I switched from directly manipulating video memory to teletype output (INT 10/AH=0eh).
I tried to implement LBA addressing for disk access but failed. The reason this is important is that legacy BIOS CylinderHeadSector addressing combined with the IDE interface only gives you access to the first ~504 MBytes of the disk (more info about this can be read here).
You can shutdown now (but reboot is still broken under QEMU).
Part of FAT12 support.

I'll probably rewrite the whole OS after isolating the few necessities - the bootloader, the linker script, the keyboard handler and the FAT12 driver. These parts when combined together can serve as the basis for a 16-bit toy operating system. I have a few other ideas that are drastically different from the conventional approach; I'll probably stop working on Mini16 before realizing those ideas.

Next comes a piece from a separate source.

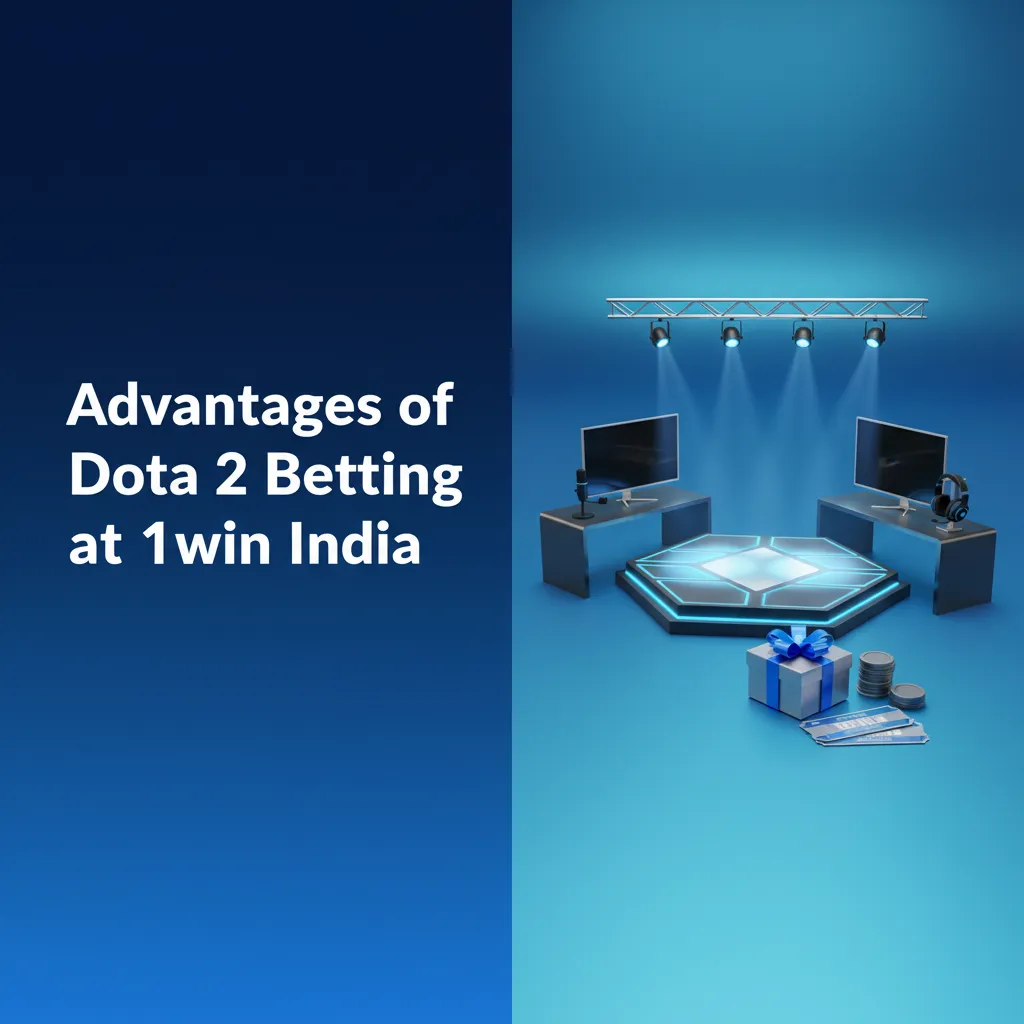 Infographic of 1win India Dota 2 betting perks: welcome bonus, UPI/Paytm, 24/7 support, Android/iOS app, live odds, INR bets.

The near and far pointer hussle

The fact that I really didn't have any consistent rules about what kind of pointer should I use finally bites me back. When will the difference between near and far pointer become a trouble? When you need to work across multiple segment. When your kernel fits within one segment (64KBytes), it's better to use near pointers internally and only use far pointers when implementing syscall. 32-bit protected mode does not have this issue because there's just one kind of pointer.

FAT12

As someone who have never worked towards a RAM-confined situation, I have never felt so much pain before. Maybe I'm just this bad at programming.

Thinking before coding

File drivers aren't the kind of thing that you can just write a "Minimal Viable Product" and iterate upon it: the full spec *is* the MVP, so unless you did everything you have nothing. After a few days of mindlessly generating garbage and getting nowhere, I decided to start again and write stuff like this:

// find next cluster with a FATClusterPointer
// NOTE: FAT values are pointers pointing to the next cluster
// 0.  require a DriveParameter(dp)
//             a FATDescriptor(desc)
//         and a FATClusterPointer(cp)
// 1.  calculate how many cluster there is in 3 sector (n_cluster_in_group):
//         (3 * desc.bytes_per_sector) / 12
// 2.  calculate which group is cp.cluster_id in (group_current)
// 3.  calculate which group is cp.cluster_value in (group_next)
// 4.  if group_current != group_next:
//         load fat table (group group_n)
// 5.  calculate the offset
//     because we are talking about fat12 here so things are trickier. for fat12
//     the clusters are arranged like this:
//             AB CD EF GH IJ KL ...
//         three bytes maps to 2 cluster & the whole thing is in little-endian,
//         so it's actually:
//             cluster 1 & 0: EFCDAB --> 0xEFC 0xDAB
//                 cluster 0: offset 1 lower nibble ~ offset 0 byte
//                 cluster 1: offset 2 byte ~ offset 1 higher nibble
//             cluster 3 & 2: KLIJGH --> 0xKLI 0xJGH
//                 cluster 2: offset 4 lower nibble ~ offset 3 byte
//                 cluster 1: offset 5 byte ~ offset 4 higher nibble
//     we should make next_cluster_id be next_cluster_id % length_of_group_in_cluster first.
//     let modded_id = next_cluster_id % (desc.bytes_per_sector * 3 / 12)
//     so for even cluster id:
//         offset [modded_id / 2 * 3 + 1] lower nibble ~ offset [modded_id / 2 * 3] byte
//     for odd cluster id:
//         offset [modded_id / 2 * 3 + 2] byte ~ offset [modded_id / 2 * 3 + 1] higher nibble
// 6.  retrieve the cluster value.
// 7.  update cp.
// RETURNS 1 and don't do anything if end of cluster chain.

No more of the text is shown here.